======== EXTRACTED DATA ========

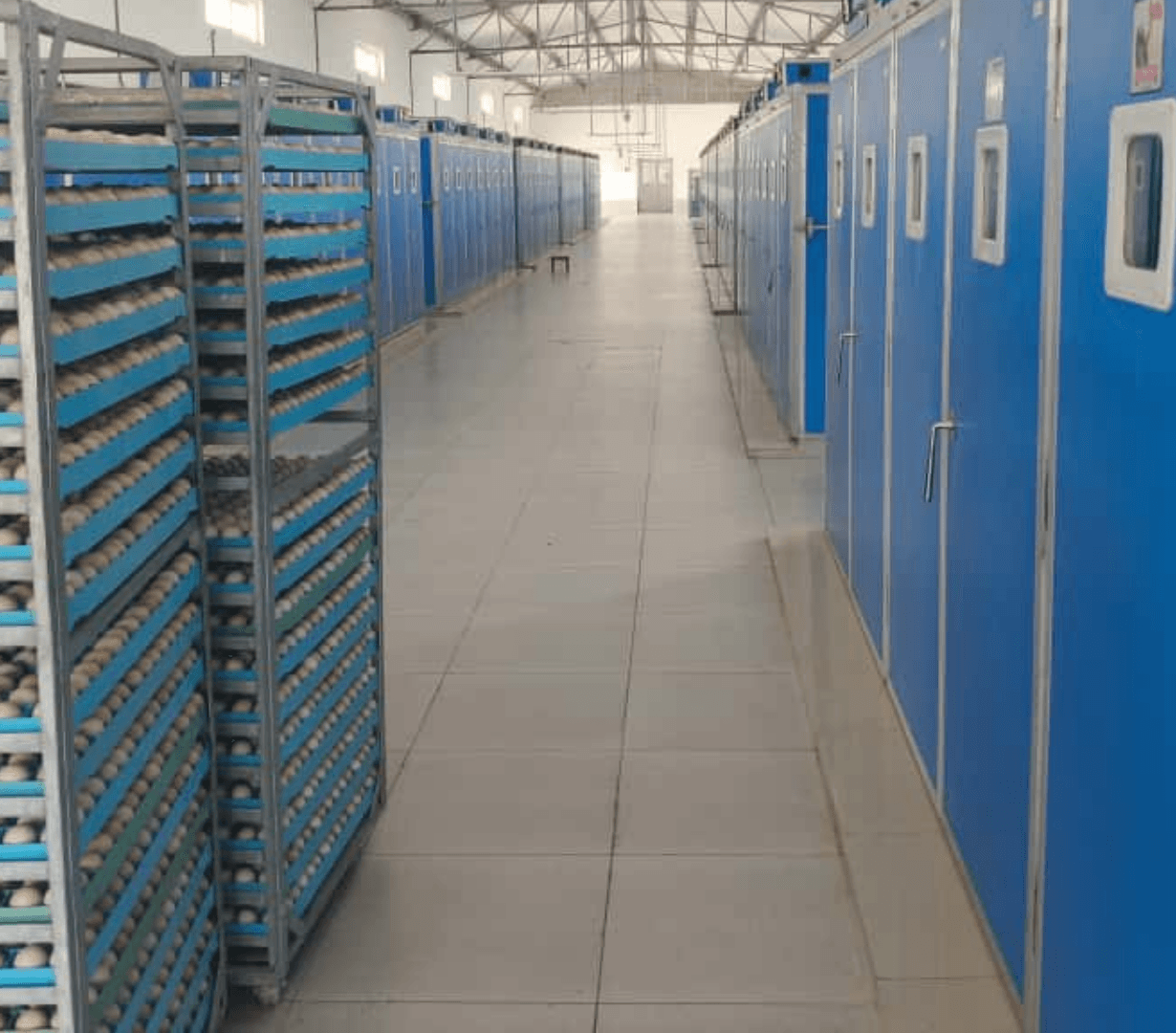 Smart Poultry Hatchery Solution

========
======== EXTRACTED DATA ========

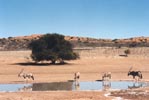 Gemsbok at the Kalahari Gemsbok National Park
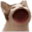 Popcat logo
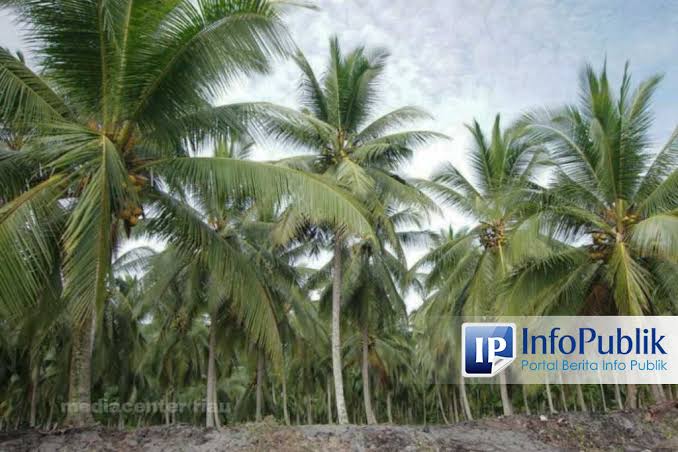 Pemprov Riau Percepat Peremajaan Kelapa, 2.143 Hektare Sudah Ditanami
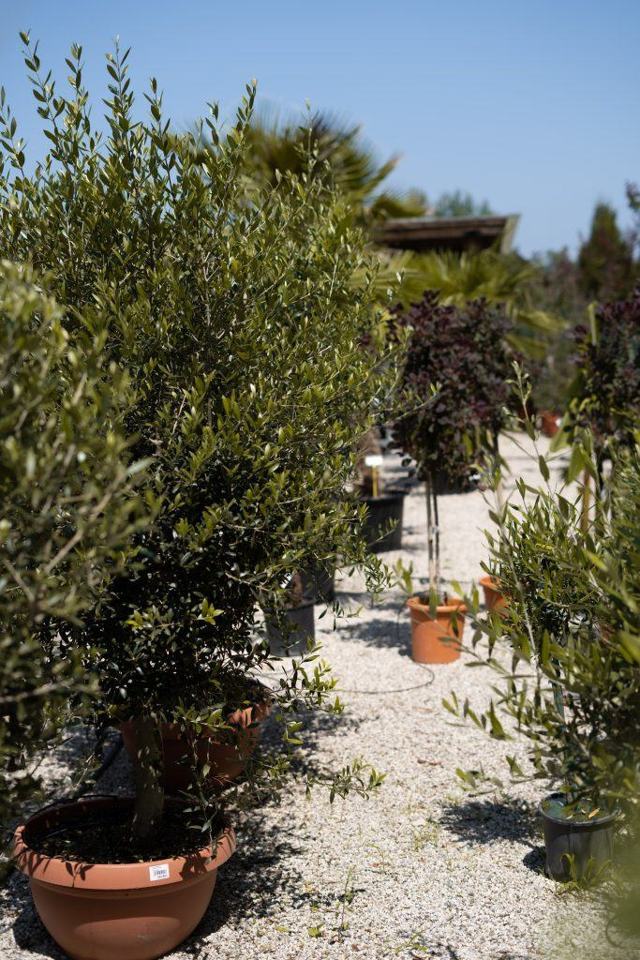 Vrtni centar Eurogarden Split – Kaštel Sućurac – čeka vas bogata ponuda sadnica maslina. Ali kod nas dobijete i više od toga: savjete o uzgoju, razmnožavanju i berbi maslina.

========
======== EXTRACTED DATA ========

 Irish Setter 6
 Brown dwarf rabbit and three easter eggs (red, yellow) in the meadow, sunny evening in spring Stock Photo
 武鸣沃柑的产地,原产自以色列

========

Leaving each picture behind, please give again exactly the lines above from the one with "Gemsbok at the" through the one with "Vrtni centar Eurogarden", both included, and no others.

 Gemsbok at the Kalahari Gemsbok National Park
 Popcat logo
 Pemprov Riau Percepat Peremajaan Kelapa, 2.143 Hektare Sudah Ditanami
 Vrtni centar Eurogarden Split – Kaštel Sućurac – čeka vas bogata ponuda sadnica maslina. Ali kod nas dobijete i više od toga: savjete o uzgoju, razmnožavanju i berbi maslina.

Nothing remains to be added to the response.